Title: Re: CPC464 LED on, no output
Post by: Velociraptor on 20:13, 12 September 19
Time for an update :


I now have Duratool tools - a hot air rework station, a soldering station and a desoldering station. I also have an Oscilliscope, a better multimeter and an ESR meter.



I wasn't able to find any 286/386 boards. Even broken ones are going for a fair amount. I did however get someone to send me some boards from a Sky box and some of those were similar. I've removed several components including ICs from them. I've done some SMD soldering to assemble a DIN to VGA for an Atari ST and a basic USB powered board. I've assembled the serial port board for the CPC too. So while I'm hardly an expert on soldering I now at least have done some. Solder wick is the most disappointing thing on the planet!

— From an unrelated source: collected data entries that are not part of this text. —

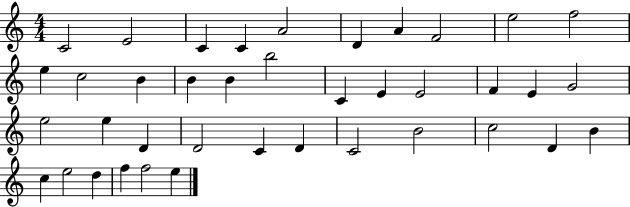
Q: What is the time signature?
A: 4/4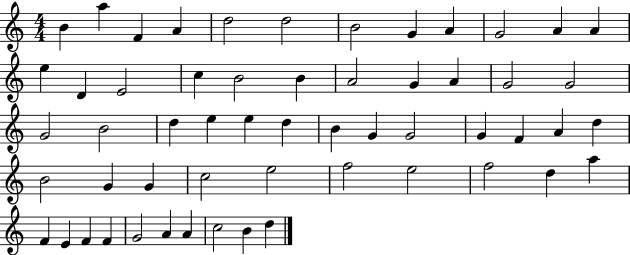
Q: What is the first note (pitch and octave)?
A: B4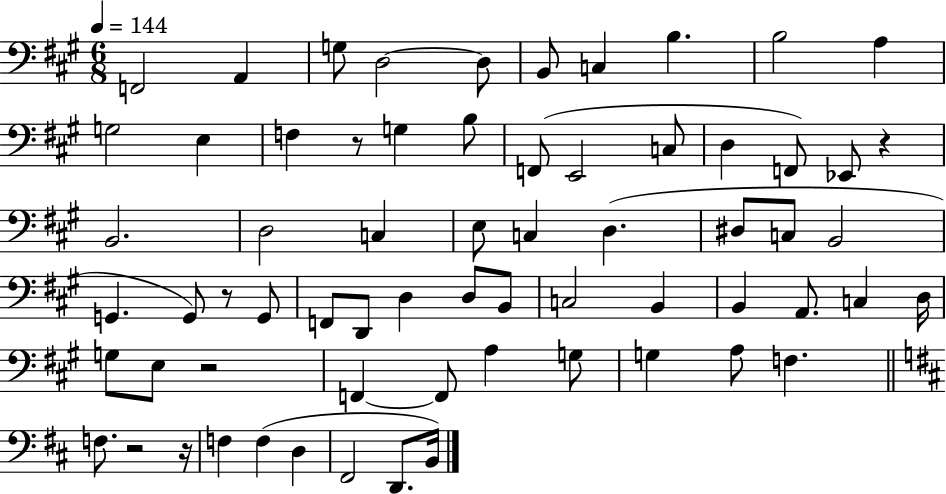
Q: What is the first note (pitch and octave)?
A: F2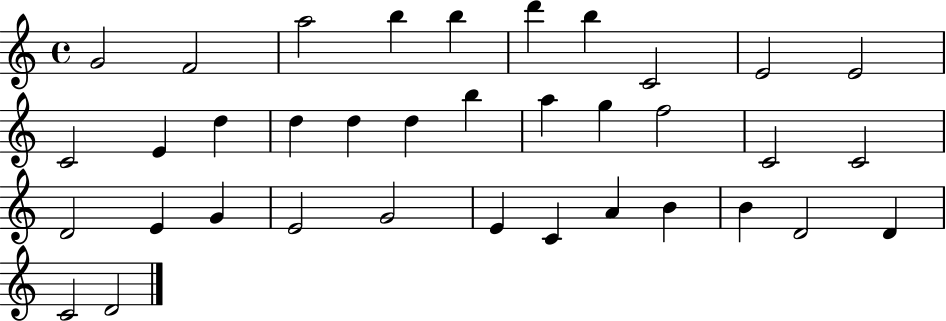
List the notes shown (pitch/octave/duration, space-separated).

G4/h F4/h A5/h B5/q B5/q D6/q B5/q C4/h E4/h E4/h C4/h E4/q D5/q D5/q D5/q D5/q B5/q A5/q G5/q F5/h C4/h C4/h D4/h E4/q G4/q E4/h G4/h E4/q C4/q A4/q B4/q B4/q D4/h D4/q C4/h D4/h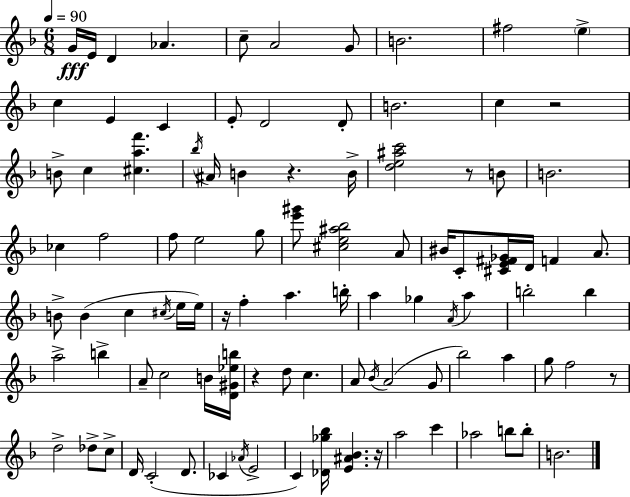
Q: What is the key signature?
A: F major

I now have the broken 464, and a working 6128 and a working 664. I also have a CTM644. I mentioned in passing to someone that I might need a gate array and before I knew it I had a donor 464 board, it lacks the YM IC but that's all.


The 6128 and 664 work fine on the CTM644 (although I will recap, or at least test the caps at some point and clear out the dust/filth).


The 464 still doesn't work, which is no surprise because I've not changed anything. However when I plug it into the CTM644 I do get output. I get raster bars across the whole screen like you'd see when something was loading.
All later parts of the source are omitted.